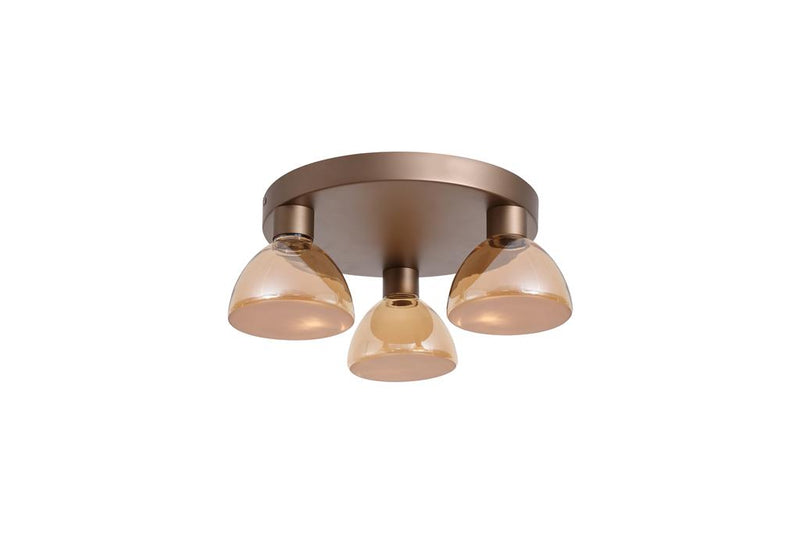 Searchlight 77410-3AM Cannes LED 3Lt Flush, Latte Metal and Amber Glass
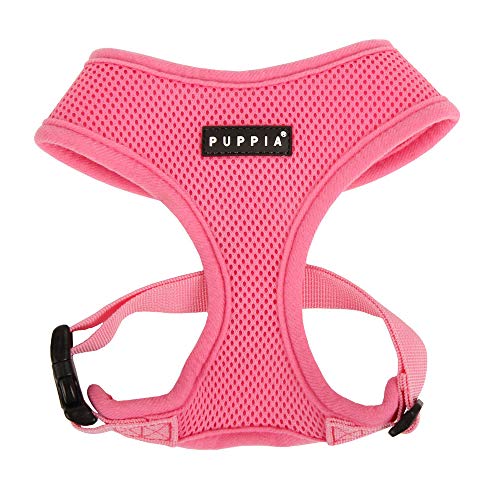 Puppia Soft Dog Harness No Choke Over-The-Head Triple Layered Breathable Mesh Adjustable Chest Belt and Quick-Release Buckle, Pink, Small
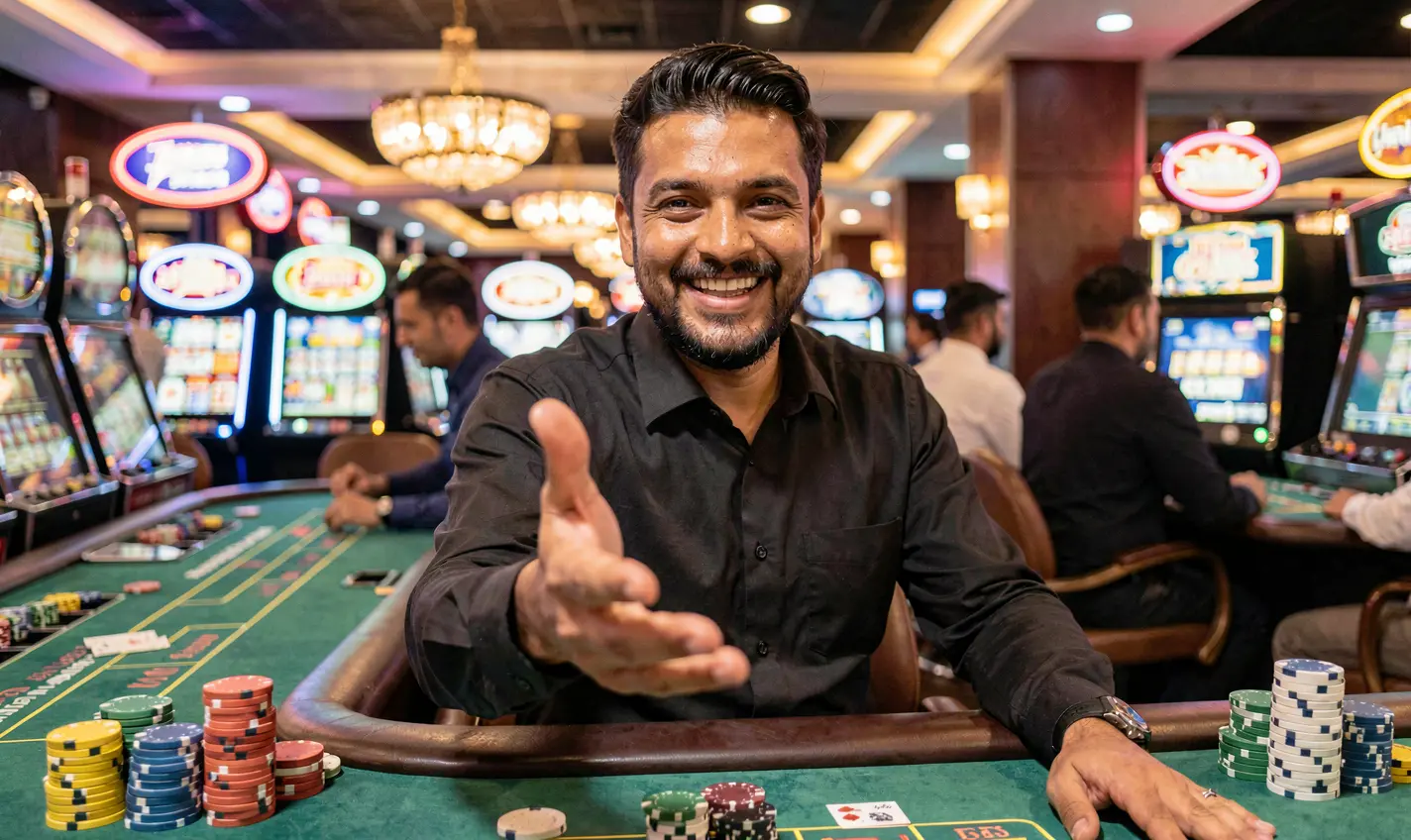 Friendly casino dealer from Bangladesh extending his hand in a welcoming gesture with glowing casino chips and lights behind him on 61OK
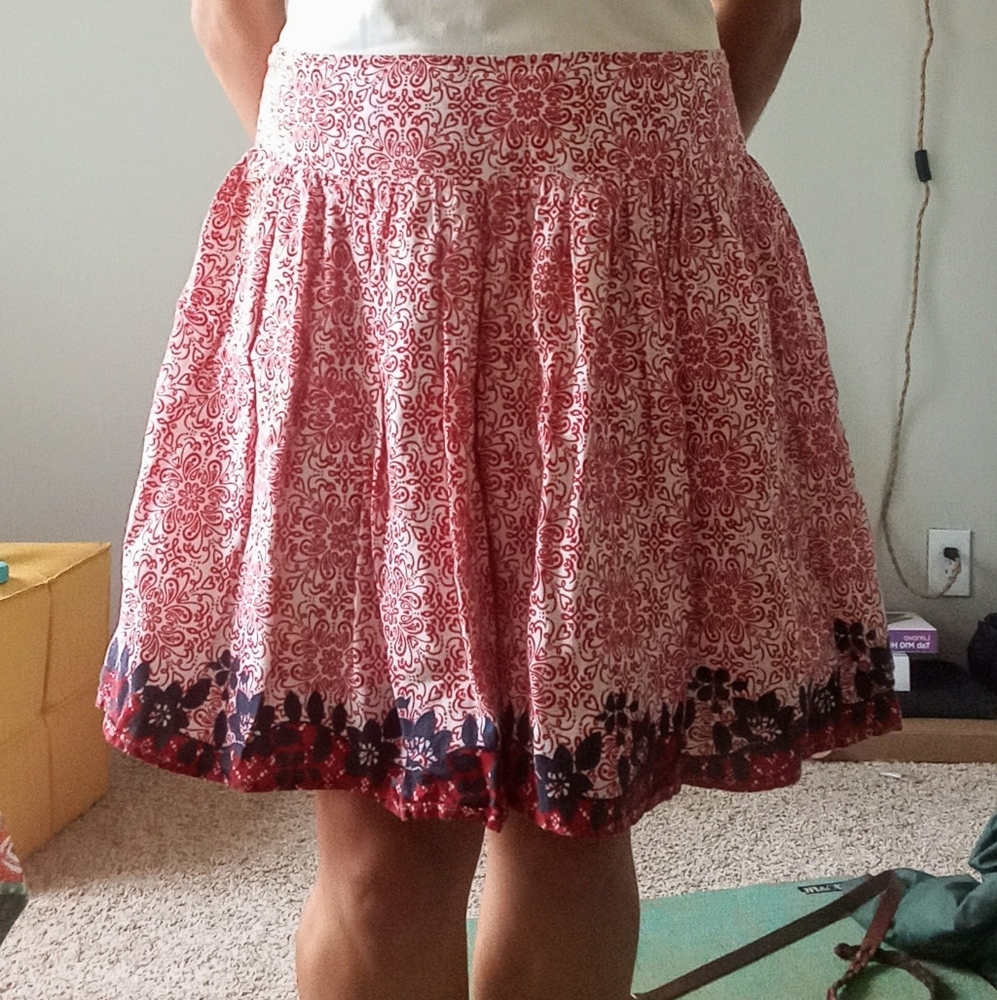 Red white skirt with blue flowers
========================
# [Work order]
Begin at the line with "Friendly casino dealer" and end at the last line of the data above. Reproduce those lines exactly, but not the pictures.

# [Response to this task]
 Friendly casino dealer from Bangladesh extending his hand in a welcoming gesture with glowing casino chips and lights behind him on 61OK
 Red white skirt with blue flowers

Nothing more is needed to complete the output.